Padre viudo y pobre compra un cochecito de bebé usado en una feria

— al colocar a su hija en él, oye un crujido inesperado
Wesley era un padre viudo que luchaba a diario para criar a su pequeña hija, Mariana. Desde la muerte de su esposa, hacía todo lo posible para asegurarse de que a la niña no le faltaran amor y cuidados, incluso con pocos recursos económicos. Aquella mañana de sábado, decidió ir a una feria de artículos usados, con la esperanza de encontrar algo útil dentro de lo que podía pagar.
Después de buscar durante mucho tiempo, encontró un cochecito de bebé sencillo, pero en buen estado. Estaba un poco polvoriento, pero parecía firme y cómodo. El vendedor pidió treinta reales, y Wesley, aliviado, aceptó de inmediato. Sosteniendo el cochecito con cuidado, sonrió y le dijo a su hija:
— Ah, por fin, querida… papá te trajo un cochecito nuevo. Vamos a casa, lo limpiaremos bien y después podrás descansar en él, ¿de acuerdo?
Al llegar al pequeño apartamento, Wesley limpió el cochecito con cariño. A pesar de ser usado, no parecía desgastado. Decidió dar una vuelta corta por la manzana para probarlo.

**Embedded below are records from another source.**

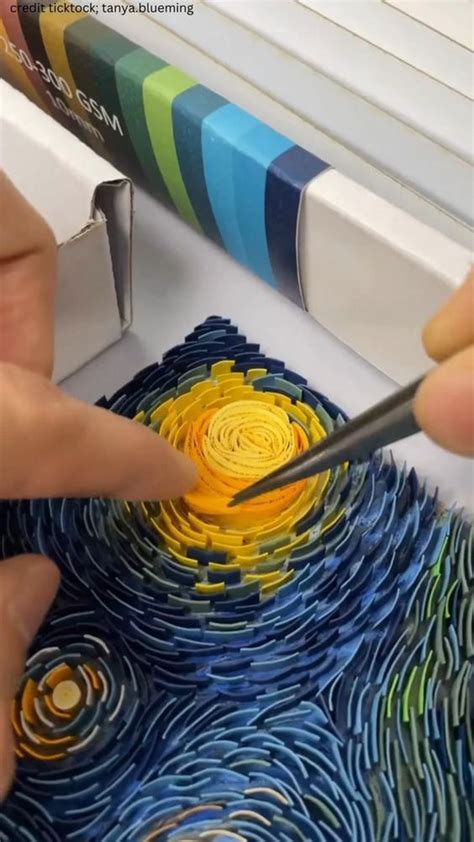 Two Hands Using Scissors To Cut Paper Art
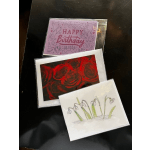 Three greeting cards, including a birthday card and floral designs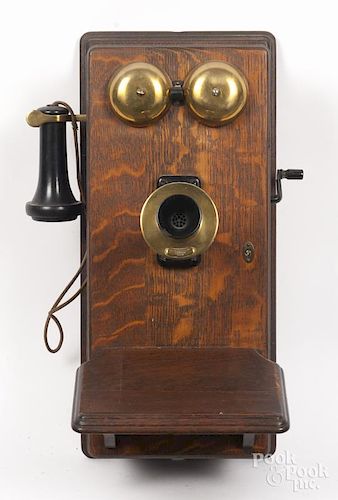 Early Western Electric oak wall hanging telephone, 20 1/2'' h., 9 1/2'' w.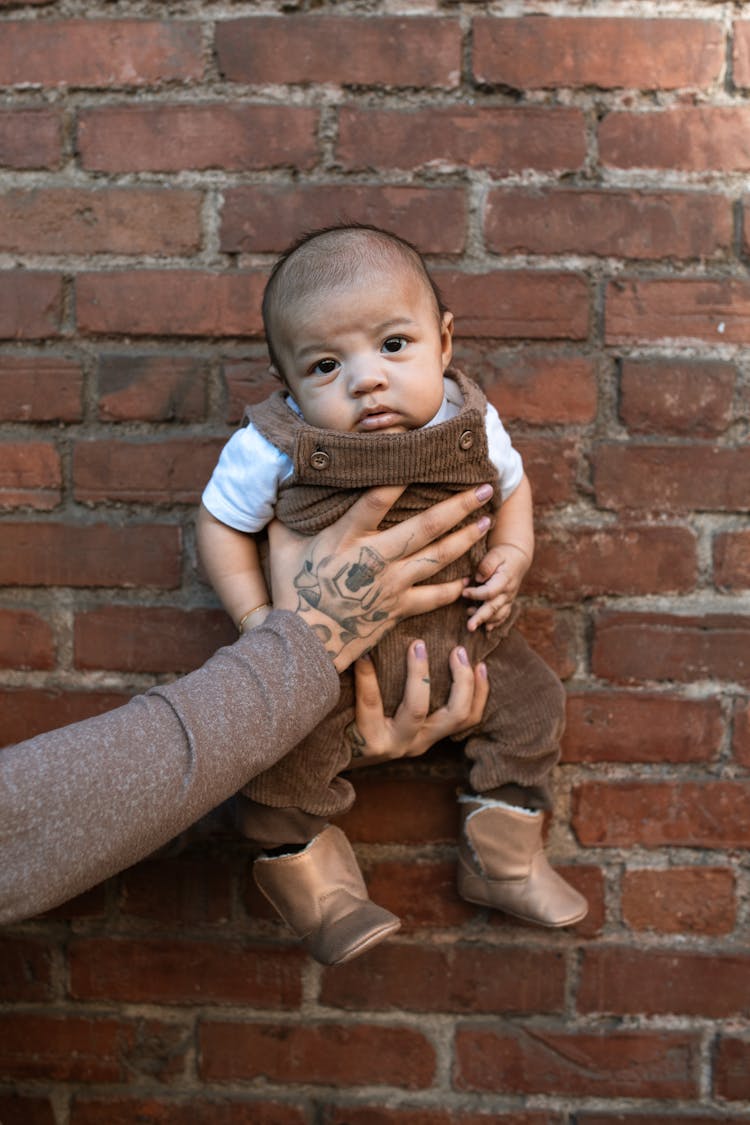 A Person Holding A Baby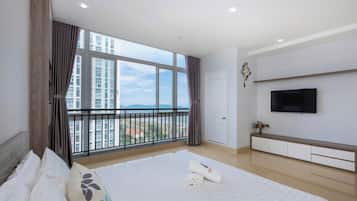 Quarto de hotel com uma cama grande, televisão fixada na parede e varanda com vista para edifícios e montanhas.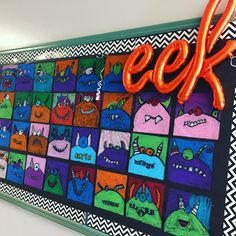 a colorful bulletin board with the word geek spelled in bright letters and monsters painted on it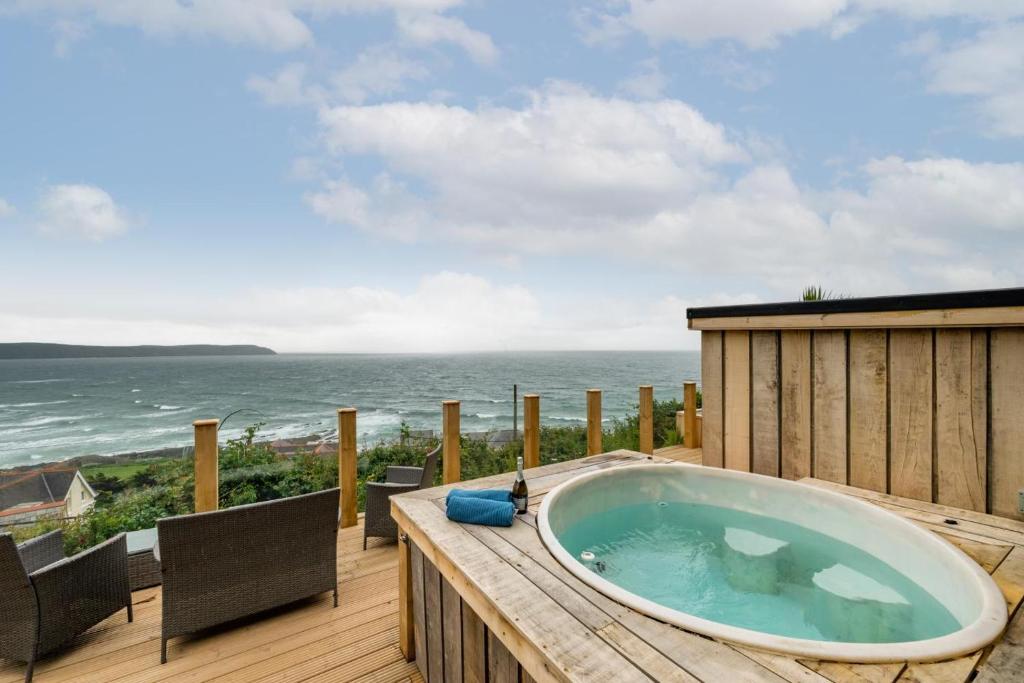 a hot tub on a deck with a view of the ocean at 5 Bed in Woolacombe oc-alba12 in Woolacombe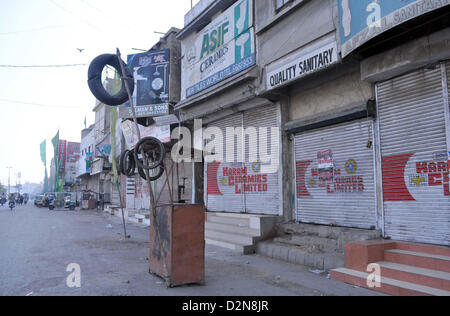 Negozi visto chiuso dopo che il target di uccisione di due attivisti del Muttehda Qaumi movimento in area Gulbahar a Karachi il Martedì, 29 gennaio 2013. Foto Stock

Colocó a Mariana con cuidado en el asiento acolchado, pero en cuanto comenzó a empujarlo, escuchó un crujido extraño que provenía de debajo del asiento.
— ¿Qué ruido es ese? — murmuró, preocupado.

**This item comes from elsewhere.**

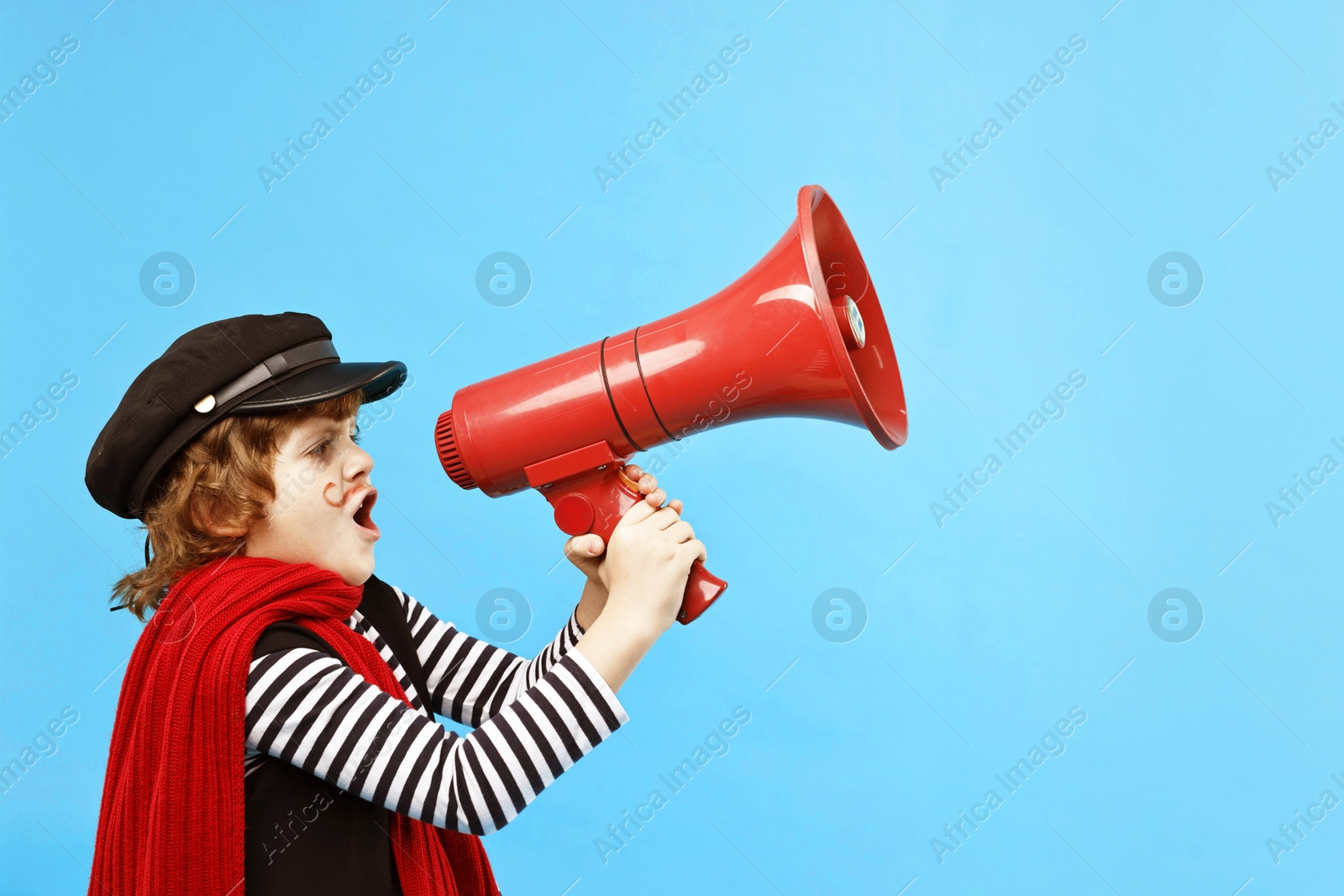 Photo of Cute boy in mime costume shouting in megaphone on light blue background, space for text. Surprise party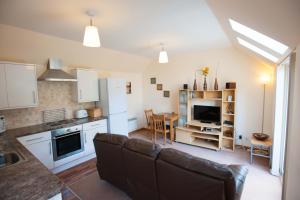 un soggiorno con divano e cucina di Glenernan Self Catering Cottages a Ballater Altre 4 foto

De inmediato, sacó a la bebé del cochecito y la colocó con seguridad en el sofá. Curioso y atento, levantó ligeramente la almohadilla del asiento y notó que había algo escondido allí. Era un trozo de papel doblado.

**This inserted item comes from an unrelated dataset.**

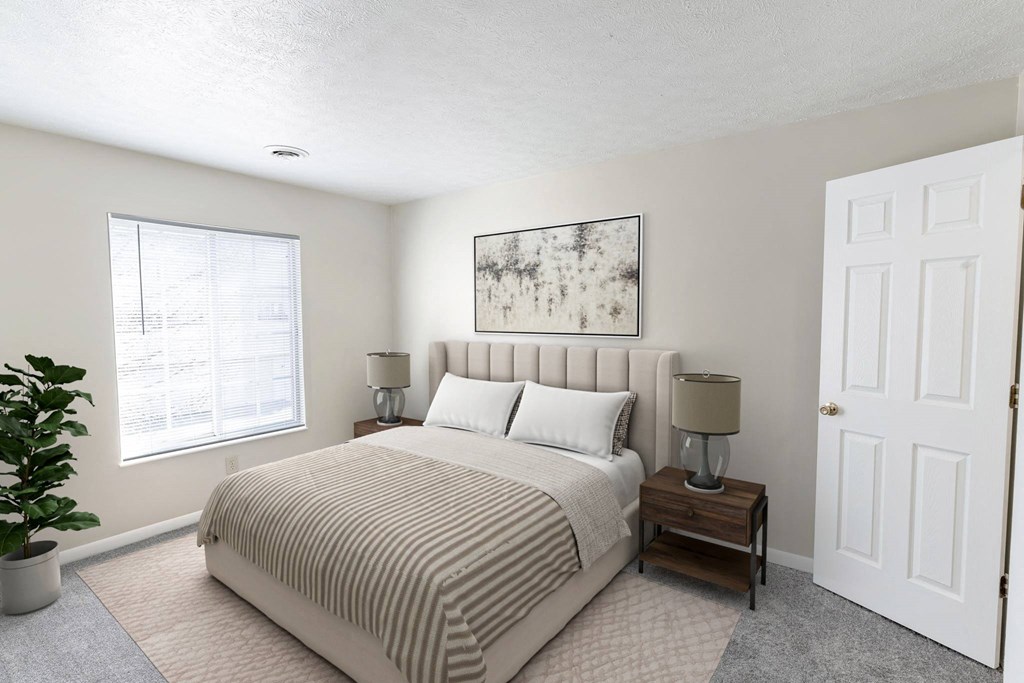 a bedroom with a bed and a window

— ¿Qué es esto? — se preguntó.
Abrió el papel y encontró una nota escrita a mano. Al comenzar a leer, sus ojos se llenaron de sorpresa y emoción. La nota decía que aquel cochecito había pertenecido a una madre que también había pasado por dificultades, pero que creía que los gestos simples podían cambiar destinos. Junto a las palabras, había información de que una pequeña suma de dinero estaba escondida allí para ayudar a quien realmente lo necesitara.
Wesley buscó con cuidado y encontró un sobre con dinero suficiente para comprar alimentos y medicinas para su hija durante varias semanas. Se sentó, emocionado, sin poder contener las lágrimas. No era solo el valor en sí, sino el gesto de solidaridad de alguien a quien nunca había conocido.
Ese día, Wesley comprendió que, incluso en los momentos más difíciles, la bondad aún encuentra formas de manifestarse. El cochecito no era solo un medio de transporte para Mariana, sino un símbolo de esperanza.
Abrazó a su hija con fuerza y se prometió a sí mismo que, cuando pudiera, también ayudaría a alguien de la misma manera. Porque, a veces, una simple compra en una feria puede llevar mucho más de lo que aparenta: puede llevar humanidad, empatía y un nuevo comienzo.